All of these pictures I took below were during the day. I need to look after dark even though I can't take pictures then. The devices light up only at night to save battery power. Reflective material that catches the locomotives headlight provides daytime warning. [Trains]
They are supposed to flash during the day if the brakes are applied. UP introduced EOTs in 1984.
The End-of-Train Device (ETD) transmits brake line air pressure and direction of movement every 40 seconds. "If there is a loss of radio continuity between the ETD and the cab, this will be displayed." A modern ETD is also required to receive a command to apply emergency braking (dump the air). [Trains] But the article doesn't say if a "hello" command is sent every 40 seconds from the front to the back so that the ETD can report the loss of communication to the ETD. We called a periodic "can you hear me now?" message the "heartbeat" protocol, and it was standard practice when designing communication protocols between computers.
They were originally called rear-end-devices. But workers added an adjective that expressed their displeasure with loosing the caboose thus giving us the acronym FRED. That adjective has since been sanitized as "flashing." Other acronyms this brings to mind is FUBAR (fouled up beyond all recognition) and RTFM (read the fine manual). I understand that FUBAR was invented by the military. I don't know which profession popularized RTFM, but it certainly applied to my profession of computer science. Actually, there were days when FUBAR was rather appropriate also. We had a saying: "it takes a computer to really mess things up."

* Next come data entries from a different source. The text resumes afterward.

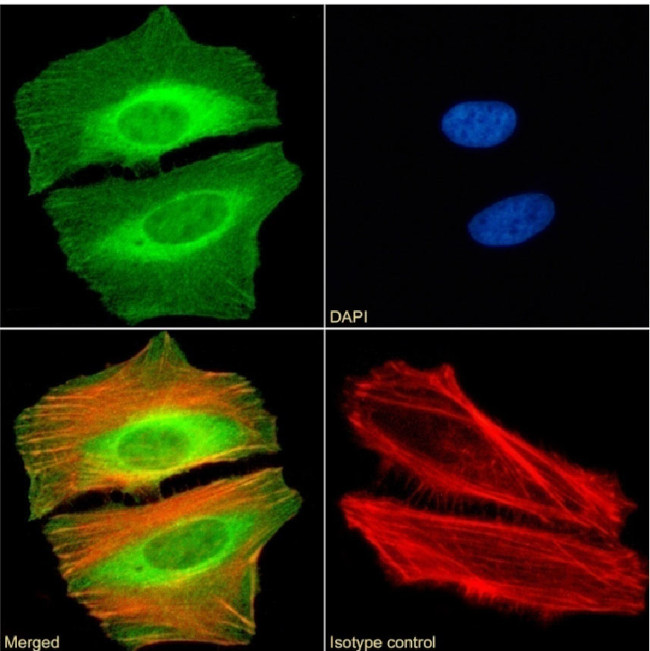 CBX2 Chimeric Antibody in Immunocytochemistry (ICC/IF)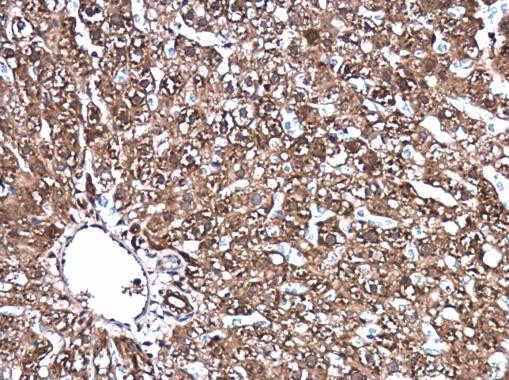 DJ-1 Antibody in Immunohistochemistry (Paraffin) (IHC (P))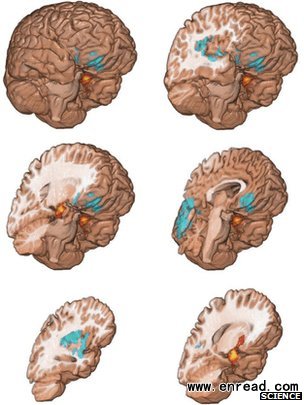 Red areas show parts of the brain more active in drug users. Blue regions are abnormally decreased in drug users.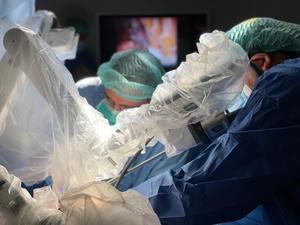 Realizan la primera extracción en el mundo de una costilla mediante cirugía robótica y una sola incisión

I remember seeing red lights when they first replaced cabooses with EOTs. The red light indicated the end of a train like the marker lamps on a caboose.
|Library of Congress: Chicago, Illinois. Rear brakeman hanging out signal lamps on the caboose before a Chicago and Northwestern Railroad train pulls out|
The photo to the right is at camera resolution.
Some trains have a red flag instead of an EOT. I saw one on the end of a BNSF/CB&Q train that was being switched in Mendota and on an IHB train near the Burnham Ave. overpass. It seems if a train is going to go slow and the trip is short then it needs only a red flag.
|Scott Griffith posted|
FIRST EOT to arrive at BARR YARD
|Bill Molony posted|
Sorry, but I don't have a date or location for this photo.
Mick Swanson Totally novice here... what were cabooses used for?
Dennis DeBruler You have to imagine what railroading was like before diesel locomotives, radios, computers and dynamic brakes. Trains had a five person crew. The engineer, fireman, and head brakeman rode in the locomotive. (Although sometimes the head brakeman rode in a little shack at the rear of the tender.) The rear brakeman and conductor rode in the caboose. Without computers, the conductor used the caboose as an office because he had to process waybills. The brakemen ran on top of the freight cars setting and releasing the handbrakes. Even after air brakes were developed, the brakemen would have to partially set the handbrakes in mountains before going down a long descent. The crew in the back also monitored the air pressure in the airline. An EOT (End of Train) device used radio to allow the engineer to read the airline pressure at the end of the train. Going back in time before trackside signals were developed, if the train stopped, the rear brakeman would also have to grab a lantern and run a long distance behind the train to warn any oncoming train that there was a problem ahead. Of course, the fireman was busy monitoring the water level and stoker on a steam locomotive. In short, a train really did need a five man crew until about the middle of the 20th Century with two of them riding in the back.
Running Boards: https://industrialscenery.blogspot.com/.../missing-red...
Douglas B. Carlyle Mick Swanson great summary.
Jeff Lackman: Way bills were the instructions of where the cars in the train were being sent to or picked up from. In the day some trains made many stops to deliver and pick up freight cars from smaller factories and businesses than would be typical today (much of our freight now moves in containers and truck trailers which are moved in huge trains by railroads that deliver them at huge yards built just to handle trailers and containers).